Today, Republicans talk about universal background checks and red-flag laws that could strip gun owners of their due process rights, and the NRA isn’t offering persuasive arguments about why they’re bad ideas. Are they even part of the conversation in any meaningful way? It’s difficult to tell. These days, the NRA, it seems, is just a convenient punching bag for Democrats who are too cowardly to go after tens of millions of gun owners.

Today, “taking on the NRA” has become one of the most common acts of faux bravery in Democratic Party politics. If the NRA were as powerful as its critics contended, the civil and constitutional rights of gun owners would never be challenged. If the NRA spent the kind of money its critics claimed, it would be the most powerful organization in American life.

In reality, the group’s expenditures are minuscule in comparison to other major lobbying. Its entire 2019 lobbying efforts have amounted to under $2 million. The NRA is only influential because it represents — either through direct membership or through ideological kinship — a lot of American voters.

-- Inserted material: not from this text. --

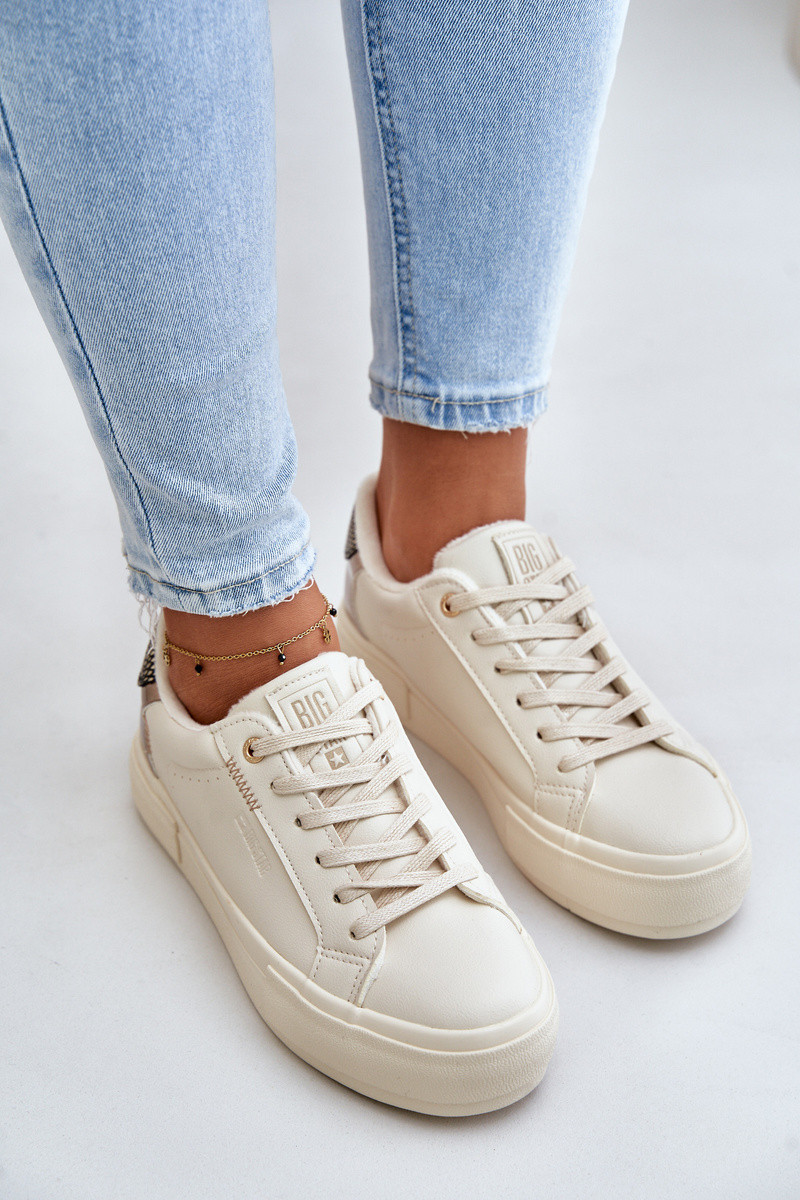 Zateplené dámske tenisky na platforme Big Star Beige 38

If the NRA were as extremist as Democrats claim, Americans would be walking into supermarkets and buying fully automatic real-life assault rifles. The NRA, in fact, has always been cautious on policy. (It’s worth remembering, for example, that the NRA had opposed bringing the Heller case forward, believing taking it to a higher court could backfire and enshrine the collective rights theory. It was an idealistic libertarian contingent that can be thanked for the protections of both Heller and McDonald. If it had been up to the NRA, the Second Amendment would not have been codified as the individual right.)

Another problem with being aggressively partisan is that the NRA turns off millions of Americans who might be open to its cause but aren’t politically involved themselves. In the past few years, the NRA leadership handed the keys (and a ton of cash) to the PR firm Ackerman McQueen, which in turn, seemed to believe the NRA should be another Fox News rather than a civil rights organization. Now the two are mired in counter suits.

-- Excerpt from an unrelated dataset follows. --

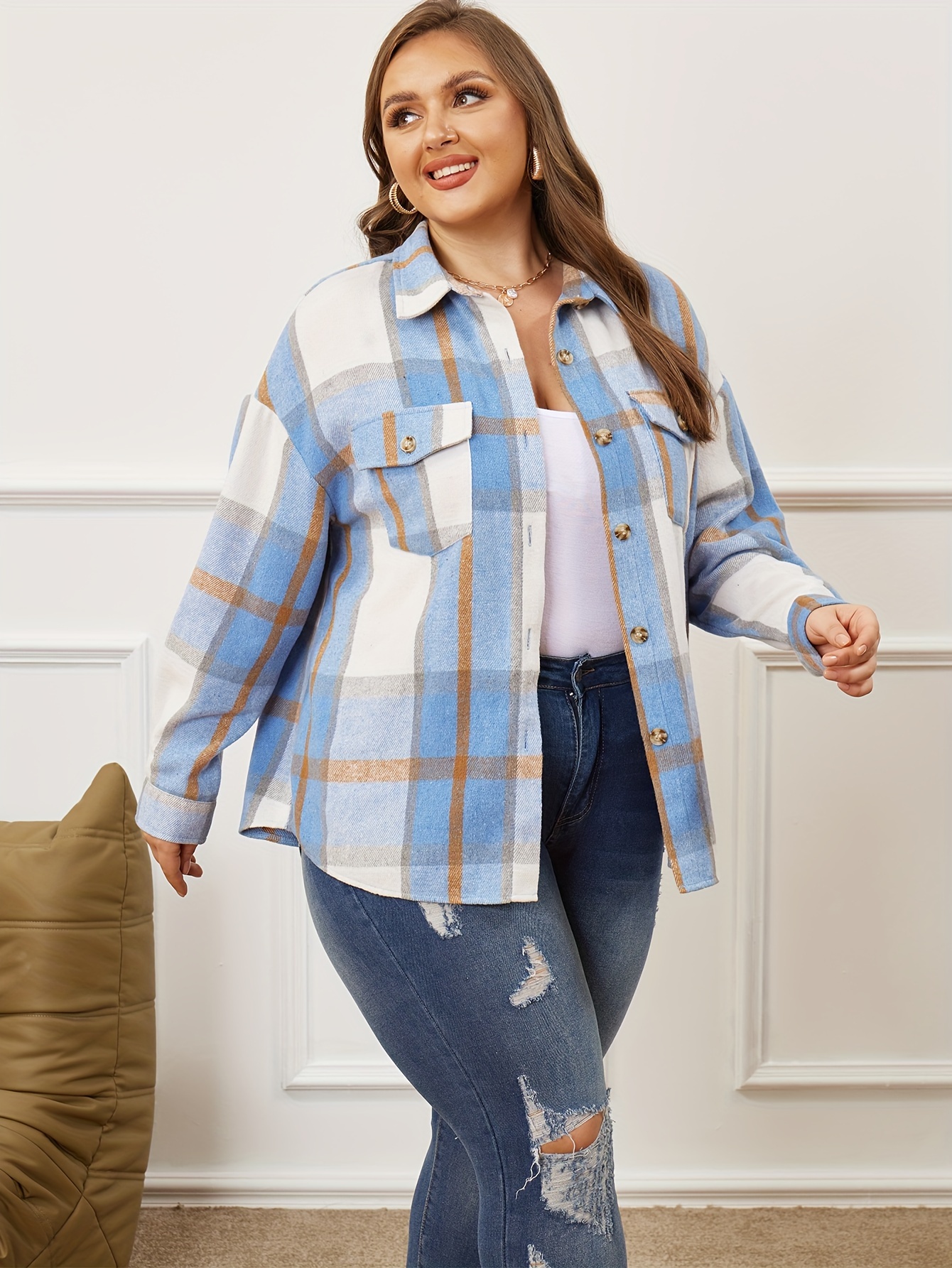 plus size casual blouse womens plus plaid print long sleeve button up lapel collar shirt top with flap pockets details 1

Over the past few years, I appeared on a number of shows on the now-defunct NRATV network — the streaming channel run by Ackerman McQueen. Many personalities on the network were excellent spokespeople for gun rights and for conservative ideas. But should the NRA strive to involve itself in every contemporary debate, creating antagonism on issues that have absolutely nothing to do with gun rights? Though I’m certainly no public relations expert, it seems to me that the mission of any issue-oriented organization should be to proselytize rather than alienate.

On top of all of this, a nasty and convoluted internal fight has broken out among the board members and NRA head Wayne LaPierre, none of which has anything to do with the future of gun rights, as it had in 1977, but rather personal animosity and greed.

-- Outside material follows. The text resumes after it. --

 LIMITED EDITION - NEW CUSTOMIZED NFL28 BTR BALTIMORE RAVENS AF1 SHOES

It’s unlikely that most members are very interested in the disputed specifics of the kerfuffle, but it all spilled into public view when then-president Oliver North alleged that the NRA was spending — or rather, wasting — nearly $100,000 a day on lawyers. The NRA’s top lobbyist, Christopher Cox, would also resign after being accused of plotting to push out LaPierre. Apparently, the NRA head had spent about $540,000 on clothing and travel expenses that had been laundered through Ackerman. The NRA claimed the costs were justified for business reasons — a contention I imagine a gun owner in Bozeman, Montana, or Aurora, Colorado, might dispute.

This week, we learned via the Wall Street Journal that the NRA had signed a document agreeing to purchase 99% of a company that was formed for the sole purpose of buying LaPierre a $6 million mansion in Dallas. For whatever reason, the deal was never consummated.

Why should any gun owner or Second Amendment advocate send money to an organization that is increasingly ineffective on policy, though highly effective at keeping a few people rich? Perhaps longtime members keep re-upping with the NRA, but how many younger Americans are becoming members? If the NRA wants to be as powerful as Democrats claim it is, it’s going to have to change again.